Ante dilemas tan complejos, la búsqueda de un equilibrio, casi siempre nos pone del lado correcto de la historia. ¿Cómo hacer un uso ético de los datos sin prácticas antidemocráticas, pero sacando el máximo potencial a las herramientas? Autores como Lansing Reed (2024) hablan de una ética utilitarista basada en reglas.
Lejos del idealismo democrático, el autor menciona que es posible, y necesario, hablar de transparencia en los procesos electorales en el marco de la IA y la era digital. Es decir, propone que el marketing político debe regirse por reglas éticas estables, que no se enfoquen solo en ganar elecciones, sino en fortalecer la democracia, proteger la deliberación y preservar la integridad del proceso electoral.
Es decir, es fundamental, dejar de normalizar que los votantes sean manipulados afectivamente por campañas que apelan al odio o al miedo, gracias a que un algoritmo así lo decretó. Así como dejar de aceptar la cada vez más creciente erosión de la autonomía ciudadana y el débil debate público.
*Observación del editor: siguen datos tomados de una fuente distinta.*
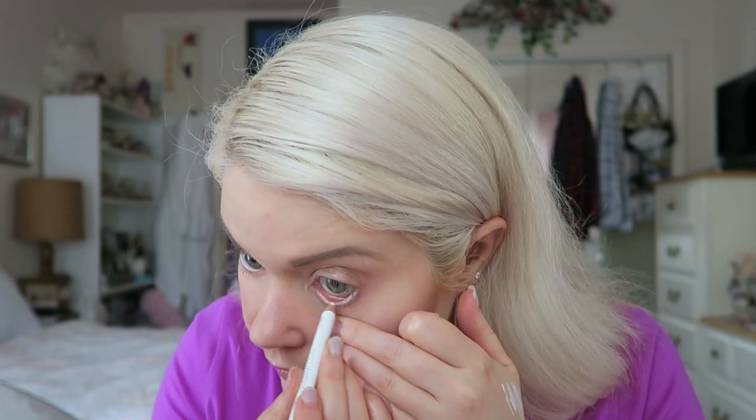Today's waterline liner is the Wet n Wild Coal Liner in white. I've had this for ages. It's quite stiff, so you really need to soften it up before use. Because it's a stiffer formula, it feels like it stays in the waterline and isn't clumping around the lash line like yesterday's. However, it is a very stark white, which is a bit dramatic for daytime — but we'll live with it and see how it holds up.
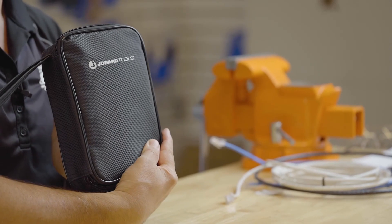All this comes in a nice carry case. Thank you for watching our video. Please take a moment to like, share, and comment below. Subscribe to our channel to see the latest videos from Jonard Tools.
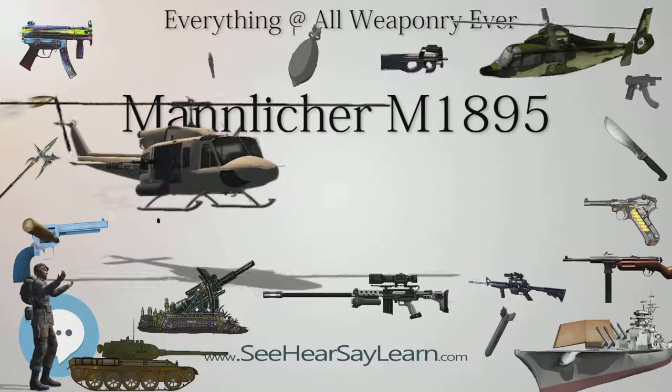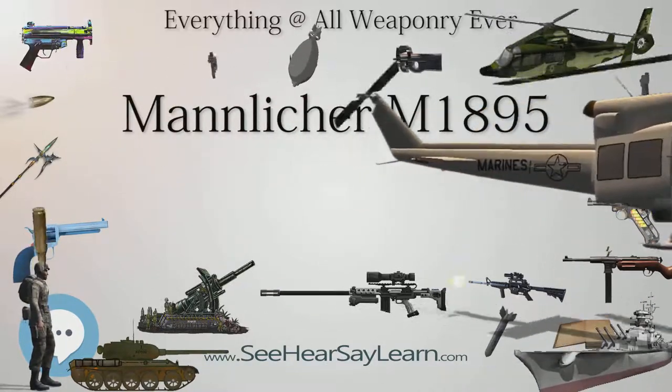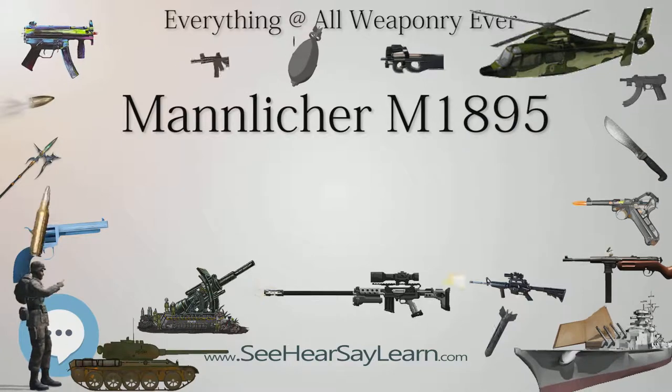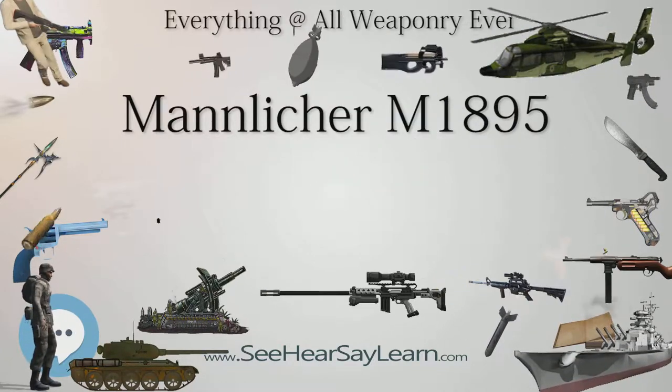Late in World War I, resources were limited and they started manufacturing replacement (German: Ersatz) bayonets. These were fast to produce, cheap, and made completely out of metal.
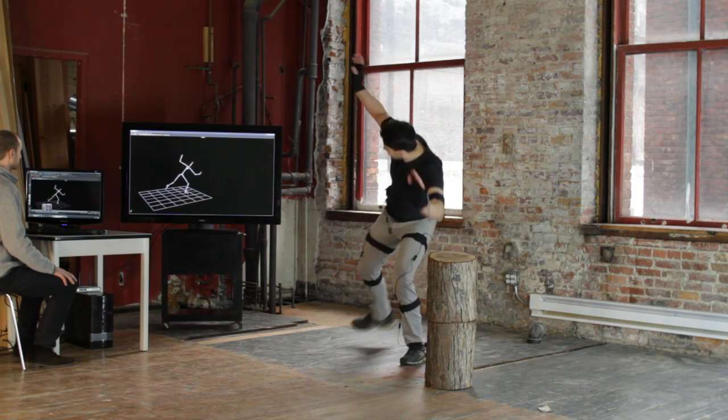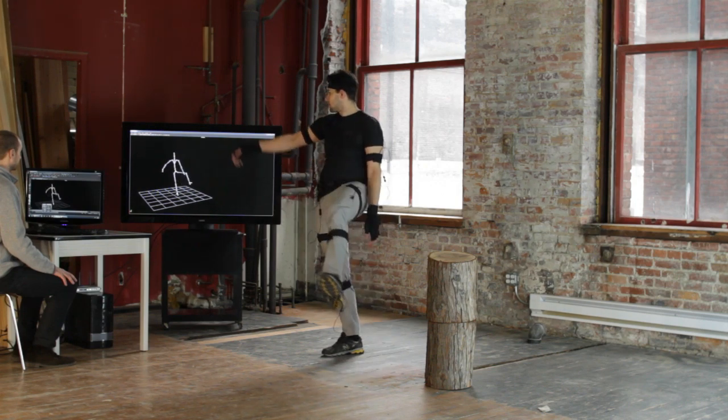After setup, full body position and rotation information can be streamed in real time to a PC.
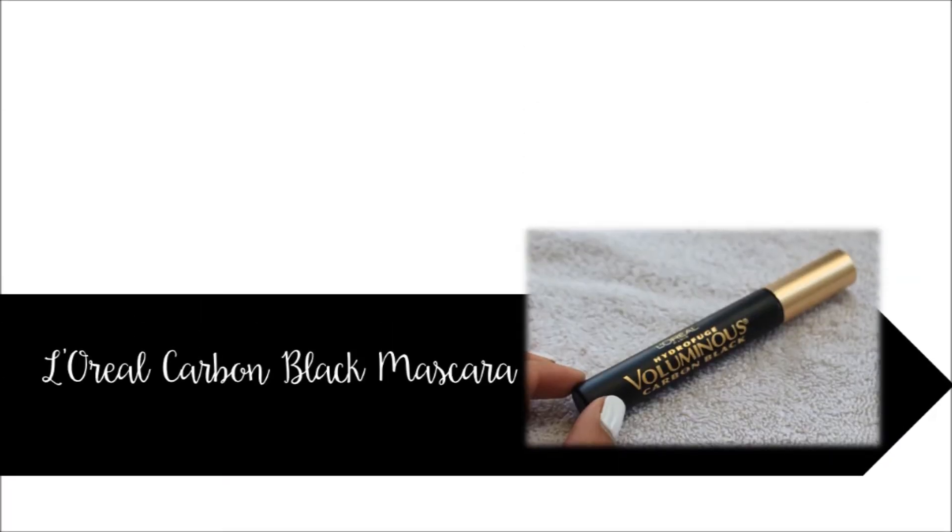This product is a lip stain — it dries matte and lasts all day. Fix any mistakes with a lip brush. I'm using the L'Oreal carbon black for my mascara to blend my real lashes into my fake lashes and make it look seamless.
Por lo tanto, sería justo que, en su lugar, se pacten normas básicas que permitan que la tecnología y sus herramientas sigan potenciando los procesos electorales y democráticos. Todo esto, sin ensombrecer nuestro sistema democrático.
Para ello, Reed propone algunos principios orientados a lograr una ética en la publicidad política y en el uso de datos. Se trata de un marco basado en el utilitarismo de reglas, esto es, un modo de establecer principios éticos claros que, sin rechazar el uso de las herramientas tecnológicas, aseguren una práctica política que fortalezca la democracia y no que ahonde su crisis.
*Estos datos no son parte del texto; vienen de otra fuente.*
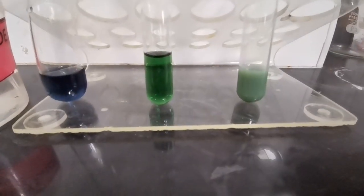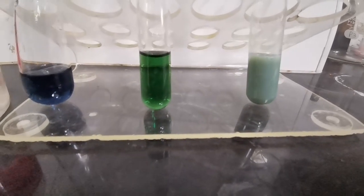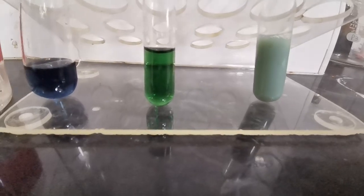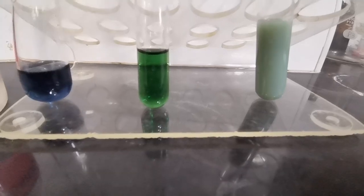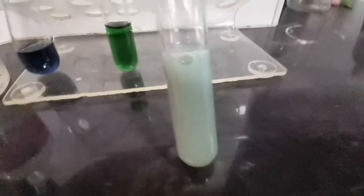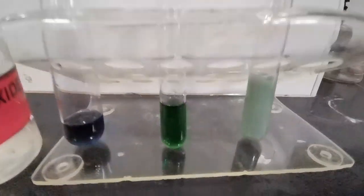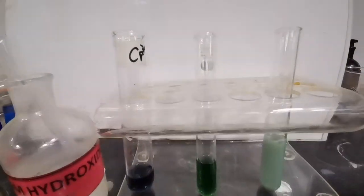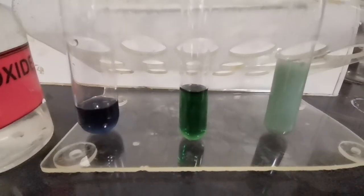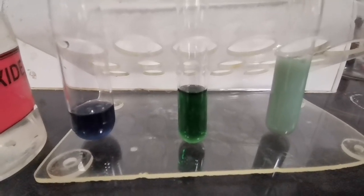Then we add aqueous ammonia in excess. On addition of aqueous ammonia in excess, more of the precipitate is being formed because whatever chromium ions were left that did not react with ammonia are now forming a precipitate. So on addition of aqueous ammonia in excess, the gray-green precipitate remains and is insoluble. In summary: NaOH gives a green solution, while ammonia gives a green precipitate.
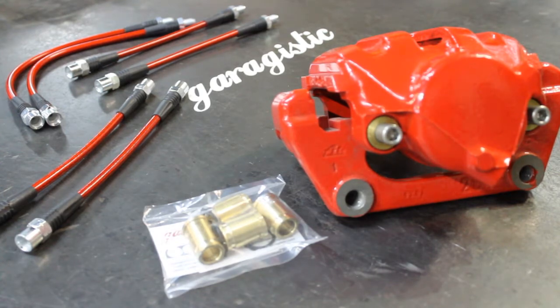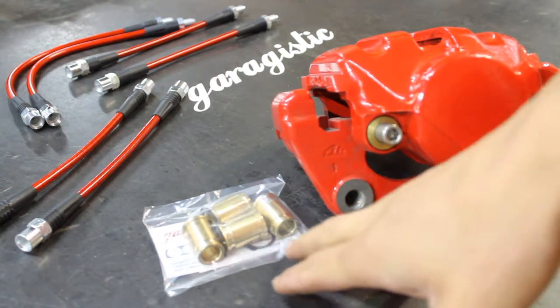Today we're going to talk about brass caliper guides. These brass caliper guides are meant to replace the rubber caliper guides in your E30, E36, E46, and other BMWs. They only fit ATE calipers — something to take note of.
Entre esos principios destacan: la transparencia y honestidad comunicativa, la no manipulación emocional o de la información de forma deliberada y el respeto por el debate público abierto. En este orden, el uso y gestión de datos, nunca debería llevar a propagar mensajes antidemocráticos. Así como usar discursos que socaven la legitimidad del gobierno representativo, el pluralismo o los derechos de las minorías.
Mucho menos, mensajes que exploten sesgos cognitivos o de otro tipo en los votantes, induciéndolos a acciones no democráticas como la discriminación y el odio. Y por supuesto, no aceptar mensajes basados en la mentira o el engaño.
En definitiva, la IA y el uso de datos ofrecen oportunidades innegables para enriquecer la comunicación política. Técnicas como el microtargeting aseguran un mayor alcance, capacidad de respuesta e interacción entre candidatos y votantes. Algo que siempre es deseable.
Sin embargo, estos avances también plantean dilemas profundos que no pueden resolverse solo apelando a criterios basados en los resultados o el éxito electoral. La personalización y la efectividad de una campaña o mensaje no puede convertirse en excusa para vulnerar la privacidad, manipular emociones o erosionar la autonomía del votante.
En consecuencia, ante un contexto donde los algoritmos se han convertido en actores clave del discurso público, valores como la transparencia, la regulación y la ética profesional deben ser la base sobre la que se construya toda estrategia política.
De lo contrario, corremos un alto riesgo de que la democracia, tal como la conocemos, derive en otras formas políticas donde la verdad, el consenso y la participación están completamente extintas. Es momento de que campañas, partidos y consultores entiendan que no todo lo que es posible es deseable, y que proteger la democracia implica también saber decir no a ciertos usos del poder digital.